PERSONNE N’A ENTENDU CRIER (Nadie oyó gritar) réalisé par Eloy de la Iglesia, disponible en Combo Blu-ray + DVD le 3 mars 2026 chez Artus Films.

Acteurs : Carmen Sevilla, Vicente Parra, María Asquerino, Antonio Casas, Goyo Lebrero, Felipe Solano, Ramón Lillo, Antonio del Real, Tony Isbert…

Scénario : Antonio Fos, Gabriel Moreno Burgos & Eloy de la Iglesia

Photographie : Francisco Fraile

Musique : Fernando García Morcillo

Durée : 1h28

Date de sortie initiale : 1973

LE FILM

Elisa, une jolie escort girl de luxe vit seule dans son appartement d’un immeuble moderne, avec un couple comme seuls voisins. Un matin, elle voit par hasard le mari, Miguel, en train de traîner le corps de sa femme dans la cage d’ascenseur. L’assassin va alors l’obliger à l’aider pour faire disparaître le cadavre, la faisant ainsi passer du statut de témoin à celui de complice. Une relation trouble naît entre eux.

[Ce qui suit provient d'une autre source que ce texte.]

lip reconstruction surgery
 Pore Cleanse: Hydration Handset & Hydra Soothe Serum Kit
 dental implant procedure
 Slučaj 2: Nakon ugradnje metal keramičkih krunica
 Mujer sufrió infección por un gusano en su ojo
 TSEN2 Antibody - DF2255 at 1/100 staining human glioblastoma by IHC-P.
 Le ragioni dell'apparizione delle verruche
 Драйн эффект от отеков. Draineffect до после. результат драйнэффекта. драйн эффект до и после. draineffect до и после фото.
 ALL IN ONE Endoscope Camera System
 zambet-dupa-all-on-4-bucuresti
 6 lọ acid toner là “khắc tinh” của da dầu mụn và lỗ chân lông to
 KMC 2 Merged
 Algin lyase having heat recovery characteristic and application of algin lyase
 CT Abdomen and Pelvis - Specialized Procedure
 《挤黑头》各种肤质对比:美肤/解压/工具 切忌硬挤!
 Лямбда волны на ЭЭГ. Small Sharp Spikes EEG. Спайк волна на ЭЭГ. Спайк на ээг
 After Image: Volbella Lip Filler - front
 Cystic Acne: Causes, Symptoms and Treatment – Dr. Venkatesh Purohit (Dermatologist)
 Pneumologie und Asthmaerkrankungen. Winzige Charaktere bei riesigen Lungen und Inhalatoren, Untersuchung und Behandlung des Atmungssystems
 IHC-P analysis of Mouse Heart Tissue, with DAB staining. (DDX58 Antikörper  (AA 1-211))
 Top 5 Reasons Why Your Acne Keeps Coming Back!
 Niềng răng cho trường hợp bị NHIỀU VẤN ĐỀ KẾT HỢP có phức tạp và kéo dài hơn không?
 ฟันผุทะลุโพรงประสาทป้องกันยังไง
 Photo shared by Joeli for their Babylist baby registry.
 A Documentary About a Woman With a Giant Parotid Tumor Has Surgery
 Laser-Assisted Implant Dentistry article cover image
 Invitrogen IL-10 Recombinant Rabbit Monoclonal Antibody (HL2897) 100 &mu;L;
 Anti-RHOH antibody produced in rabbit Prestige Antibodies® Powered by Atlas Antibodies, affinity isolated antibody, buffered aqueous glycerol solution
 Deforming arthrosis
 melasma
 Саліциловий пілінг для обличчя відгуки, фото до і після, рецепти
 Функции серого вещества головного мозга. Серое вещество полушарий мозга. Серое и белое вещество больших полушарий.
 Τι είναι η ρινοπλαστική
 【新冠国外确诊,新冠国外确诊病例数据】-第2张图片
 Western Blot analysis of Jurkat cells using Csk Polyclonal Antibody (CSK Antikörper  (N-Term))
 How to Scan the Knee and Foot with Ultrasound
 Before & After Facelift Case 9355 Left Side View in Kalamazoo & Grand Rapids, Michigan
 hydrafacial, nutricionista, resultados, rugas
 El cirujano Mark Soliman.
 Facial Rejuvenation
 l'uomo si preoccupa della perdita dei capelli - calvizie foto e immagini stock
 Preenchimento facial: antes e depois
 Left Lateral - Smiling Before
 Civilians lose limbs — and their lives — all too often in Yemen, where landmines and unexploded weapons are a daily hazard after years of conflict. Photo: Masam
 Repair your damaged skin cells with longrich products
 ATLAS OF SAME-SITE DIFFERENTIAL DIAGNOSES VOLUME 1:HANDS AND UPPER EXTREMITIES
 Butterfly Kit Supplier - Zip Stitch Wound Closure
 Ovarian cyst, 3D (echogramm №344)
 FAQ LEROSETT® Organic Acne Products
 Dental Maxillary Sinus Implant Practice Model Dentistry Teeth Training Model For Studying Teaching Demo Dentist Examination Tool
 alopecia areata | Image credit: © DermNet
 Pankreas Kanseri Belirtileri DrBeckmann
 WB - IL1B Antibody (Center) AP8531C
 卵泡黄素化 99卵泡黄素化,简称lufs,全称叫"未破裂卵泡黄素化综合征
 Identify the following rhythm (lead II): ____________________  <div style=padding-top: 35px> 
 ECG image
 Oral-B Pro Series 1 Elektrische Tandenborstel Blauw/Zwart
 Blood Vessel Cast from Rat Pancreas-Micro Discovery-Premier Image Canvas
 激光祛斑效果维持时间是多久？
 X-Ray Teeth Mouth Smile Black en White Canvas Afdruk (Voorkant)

Nous nous sommes déjà penchés sur les films les plus célèbres du réalisateur Eloy de la Iglesia (1944-2006), Colegas, L’Enfer de la drogue El Pico, El Pico 2, Navajeros, Le Député et ce grâce au travail éditorial exceptionnel d’Artus Films. Quel plaisir de découvrir des œuvres dites de jeunesse, à l’instar de Personne n’a entendu crier Nadie oyó gritar (1973), son sixième long-métrage. Partagé entre le drame (Un goût amer, Le Ring) et le thriller (Le Plafond de verreEl techo de cristal), y compris le film d’horreur (La Semaine d’un assassinLa Semana del asasino), le cinéaste est cette fois encore influencé par le genre et lorgne du côté d’Alfred Hitchcock pour Personne n’a entendu crier. À cette occasion, il retrouve la magnifique Carmen Sevilla (1931-2023), qu’il avait déjà dirigé dans Le Plafond de verre. Longtemps considérée comme une actrice de seconde zone, qui ne devait son succès qu’à sa beauté et à son succès dans la chanson, ainsi que comme danseuse, la comédienne est pourtant superbe, inquiétante, déroutante et ambiguë dans cette histoire de cadavre encombrant. Elle est ici loin (euphémisme) des personnages qu’elle campait dans La Belle de Cadix, Andalousie et dans Violettes impériales aux côtés de Luis Mariano vingt ans auparavant ! Devenue un peu plus rare sur les écrans dans les années 1960, Carmen Sevilla revient en force au début de la décennie suivante, au point où Charlton Heston lui offre le rôle d’Octavia dans son Antoine et Cléopâtre en 1972. Mais c’est bel et bien Eloy de la Iglesia qui lui offre ses meilleurs rôles de composition. Dans Personne n’a entendu crier, elle campe une femme quelque peu obscure, qui vit sa vie comme escort, rejoignant un client fidèle à Londres, elle-même ayant une liaison avec un homme beaucoup plus jeune qu’elle, qu’elle entretient aussi. Jusqu’au jour où elle prend sur le fait son voisin, en train de se débarrasser du corps de sa femme dans la cage d’ascenseur de leur immeuble. Prise au piège, elle doit se plier aux exigences du meurtrier, qui lui demande de l’aider pour déplacer le cadavre…Entre les deux va s’installer un jeu du chat et de la souris…Eloy de la Iglesia signe un thriller quasi-inclassable, où se mêle une passion inattendue, une esthétique de roman photos qui contraste avec la violence et le sang qui parcourt les veines de ce « giallo ibérique » chaudement recommandé.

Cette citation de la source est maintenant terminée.